Саша Грязнов в своих работах о Витгенштейне сумел совместить и строгий академизм историко-философских исследований, и внутреннее движение навстречу витгенштейновской мысли. С его именем связана новая страница в исследованиях этого загадочного мыслителя в нашей стране. Он впервые привлек внимание к “венскому”контексту мысли Витгенштейна и связал его с традициями “континентальной“, а не только англосаксонской философии. Не думайте, что это — некий частный вопрос в исследовании источников и влияний. Дело в том, что обращение к культурному контексту в мировом витгенштейноведении фактически сыграло роль маркера, указывающего на переосмысление роли и значения этой центральной фигуры аналитического движения. Фактически, тем самым исследователи отделили Витгенштейна от его эмпиристски ориентированных предшественников и позитивистски ориентированных последователей и увидели в его наследии трансцендентальное измерение, которое удается артикулировать, связав этого мыслителя с традициями кантовскои мысли и этическими исканиями венских мыслителей той эпохи. Витгенштейн размышлял над проблемами трансцендентальной и эмпирической субъективности и их связи с миром. Но эти вопросы представлялись ему безнадежно запутанными, и потому он стал разрабатывать особые методы анализа языковых выражений. Саша был первым, кто стал говорить об этом у нас. Впрочем, дело не в том, что “стал говорить”. Донес всю глубину этого в аутентичном переживании и показал в строе своих суждений.
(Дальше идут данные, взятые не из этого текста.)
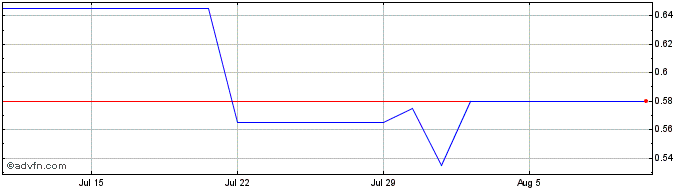 1 Month Country Garden Services Share Price Chart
Мы с ним читали работы друг друга, слушали выступления и доклады. Хотя, в то же время, мало разговаривали на такие темы. Но я всегда знала, что есть человек, который прочитает и поймет то, что я пыталась сказать. И это было очень важно для меня. Он, так сказать, “благословия”мою первую публикацию, в которой я взяла на себя смелость писать о Витгенштейне. Я чувствовала себя еще довольно неуверенно, но Саша тогда одобрил мою интерпретацию витгенштейновской философии математики, и этим приободрил меня и придал мне сил. Помню, как меня поразила в том разговоре — одном из немногих разговоров об этом мыслителе, которые у нас с ним были — Сашина скромность в оценке собственных заслуг.
Он всегда оставался удивительно скромным и щепетильным человеком. Саша не стремился к “впечатляющим” результатам. Принципиально. Теперь-то мы начинаем понимать, что сделанное им впечатляет. Он повлиял на уровень наших знаний и занятий аналитической философией. Он писал обзоры, статьи, книги, перевел и сделал доступным значительный корпус текстов. Так он образовывал и воспитывал не только студентов и аспирантов, но и всю нашу философскую публику. Его роль в поддержании и оберегании эталона профессионализма в нашей философии невозможно переоценить.
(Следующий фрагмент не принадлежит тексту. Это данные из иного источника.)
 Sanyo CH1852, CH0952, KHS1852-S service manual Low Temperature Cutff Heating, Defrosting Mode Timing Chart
Он не относился к тем философам, для которых главное — “выражать себя”. Это, опять-таки, было совершенно чуждо его стилю. Он методично, четко и высокопрофессионально работал. Повидимому, то дело, которым он занимался, представлялось ему более интересным, что “он сам”. И дело тут не только в скромности, но и в подлинном вкусе к историко-философской работе.
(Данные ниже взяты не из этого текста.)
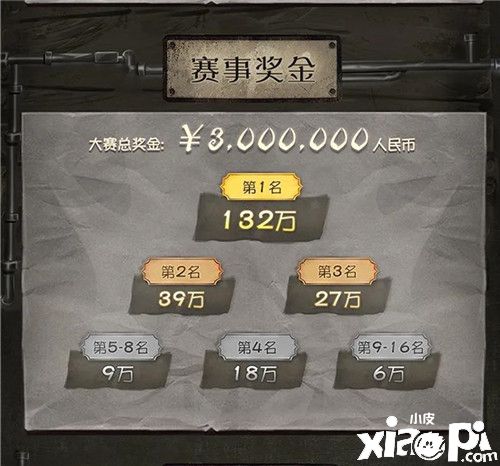 冻港危途 《第五人格》COAIV盛典直播狂欢阶段即将开启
Он принес в Москву дух кембриджской и оксфордской философии. Причем не только своими публикациями и лекциями. Он жил аналитической философией и потому глубоко чувствовал ее проблемы. Да он и сам был похож на кембриджского профессора! Как ему это удавалось в нашей советской и постсоветской действительности?! Даже работы, которые Саша писал в “годы застоя”, хорошо читаются сейчас, потому что он всегда ориентировался не на конъюнктуру, а на высокие профессиональные стандарты. Так что, все-таки, он выразил себя в своей философской деятельности. Выразил, не навязывая себя публике. Аналитическая философия, которой он посвятил большую часть своей жизни, не была выигрышной темой ни в советское, ни в постсоветское время. Чтобы привлечь внимание или сделать карьеру, надо было бы заниматься чем-нибудь другим. Но такие суетные соображения Саше были чужды. Он не гнался ни за модой, ни за популярностью. Он занимался тем, что ему было близко, от шотландской философии “здравого смысла” (ей была посвящена его первая книга “Философия Шотландской школы”, М.: МГУ, 1979 г.) до современной аналитической философии, которая тоже очень уважительно относится к здравому смыслу.